- **WHAT YOU WILL DO**: From the listing below, copy each line that contains the word "Photo".

- **PROVIDED RECORDS**:

.....

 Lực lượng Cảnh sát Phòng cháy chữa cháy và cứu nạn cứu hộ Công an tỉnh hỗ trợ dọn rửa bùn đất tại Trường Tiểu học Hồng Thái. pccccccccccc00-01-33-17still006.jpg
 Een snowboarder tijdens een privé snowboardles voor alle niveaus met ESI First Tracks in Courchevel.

.....

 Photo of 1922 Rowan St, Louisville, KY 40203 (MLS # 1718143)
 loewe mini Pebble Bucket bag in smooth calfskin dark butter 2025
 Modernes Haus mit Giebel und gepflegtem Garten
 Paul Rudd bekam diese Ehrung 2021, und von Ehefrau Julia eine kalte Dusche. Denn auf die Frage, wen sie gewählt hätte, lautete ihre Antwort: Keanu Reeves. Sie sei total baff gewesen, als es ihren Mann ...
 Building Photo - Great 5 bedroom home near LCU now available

.....

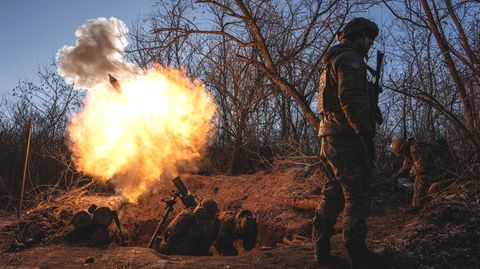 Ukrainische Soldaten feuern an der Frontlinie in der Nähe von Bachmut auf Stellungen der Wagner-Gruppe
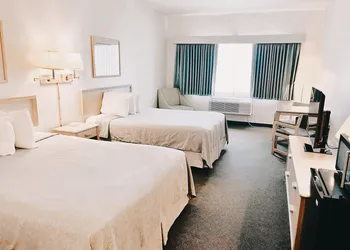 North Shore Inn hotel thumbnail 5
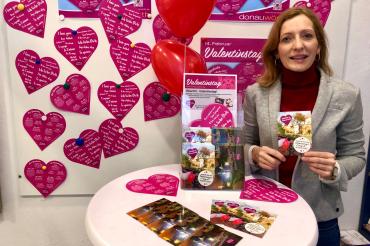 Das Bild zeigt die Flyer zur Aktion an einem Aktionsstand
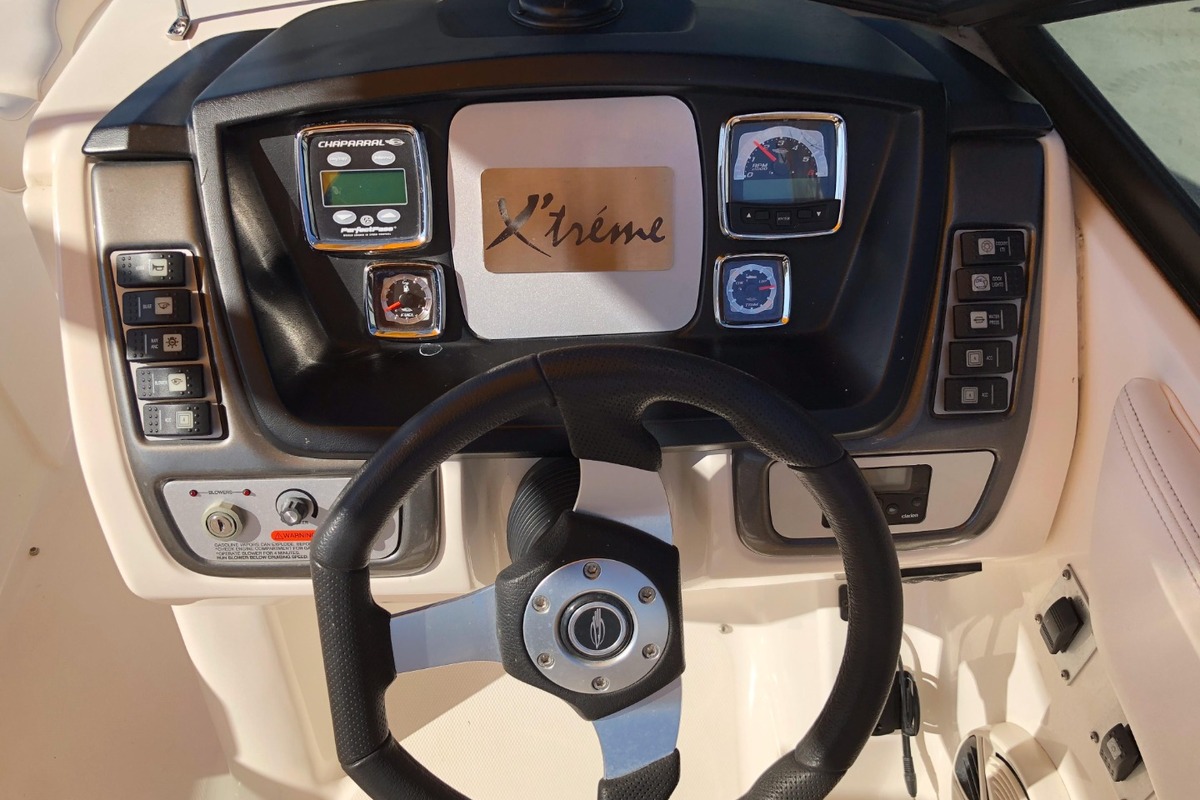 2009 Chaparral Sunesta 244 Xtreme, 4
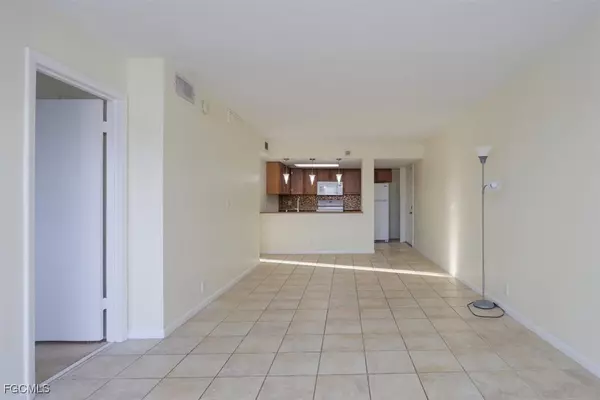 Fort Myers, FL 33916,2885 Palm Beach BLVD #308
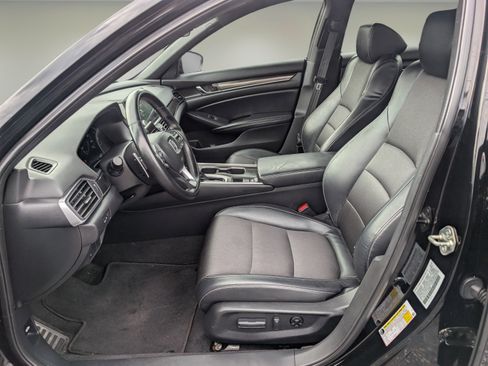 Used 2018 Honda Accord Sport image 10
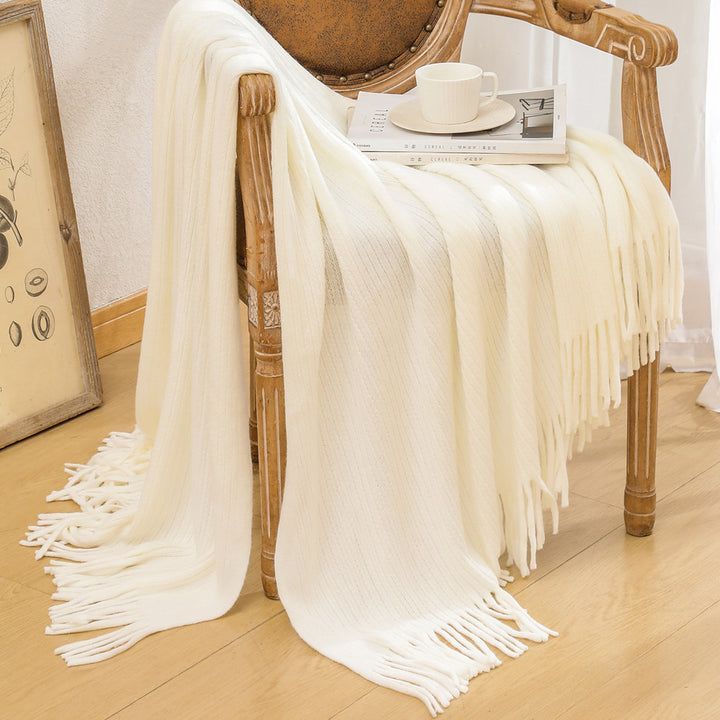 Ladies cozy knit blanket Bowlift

.....

- **SOLUTION FOR THIS PROBLEM**:
 Photo of 1922 Rowan St, Louisville, KY 40203 (MLS # 1718143)
 Building Photo - Great 5 bedroom home near LCU now available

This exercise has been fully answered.